Staff are normally expected to work until their final day of employment. If, exceptionally, there is no work for your employees to do, they would generally be entitled to payment in lieu of notice (known as PILON).
Notice periods will vary according to the individual terms and conditions of the employment contract of each of your staff, and their length of service.
Employees are entitled to the greater of their contractual and statutory notice period entitlement.
The length of service taken into account when calculating a statutory notice period is capped at 12 years.
So, if a staff member has been employed for less than one month, they will not be entitled to a statutory notice period.
If a staff member has been employed for one month to two years, they are entitled to a minimum of one week’s notice.
If a staff member has been employed for two years to 12 years, they are entitled to a minimum of two weeks’ notice plus an extra week for each additional year of continuous employment, up to a maximum of 12 weeks.

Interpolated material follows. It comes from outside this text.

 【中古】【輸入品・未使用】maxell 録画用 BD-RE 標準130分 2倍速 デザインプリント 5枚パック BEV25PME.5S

If a staff member has been employed for 12 years or more, they are entitled to a minimum of 12 weeks’ notice.
If a staff member’s contractual notice period is more than above, their contractual notice period applies.
Although it is up to you as the employer to decide at the point at which to give your staff notice of redundancy, IPSA expects you will do so at a point that allows you to wind up your affairs effectively, and also minimise the cost to the taxpayer of PILON.
It is expected that you would give your staff members notice of redundancy as soon as practically possible if they are not required to work during the winding-up period.
Please do not delay notice of redundancy in situations where your staff are genuinely not required.
During the 2019 General Election, approximately 78.6% of PILON payments may have been avoidable due to the late issuance of notice to staff members.
The full report can be found in the report Audit, Risk & Assurance: 2019 General Election.
At the next General Election, IPSA will not fund PILON costs for staff members where the notice period falls outside of the winding-up period.
This is because the winding-up period will be increased to four months and all staff members will be able to work out their notice period in that time if required.
PILON may still be claimable for staff members who are not required to work during the winding-up period.
If serving notice is delayed and PILON costs are incurred beyond the end of the four-month winding-up period, as the employer MPs are personally liable for such costs and they cannot be claimed from IPSA.
PILON costs as a result of the election and payable within the four-month winding-up period will automatically come from the Contingency Budget. If the staff member is off on long-term sick, the PILON is paid at their full pay rate and will come from the Absence Budget.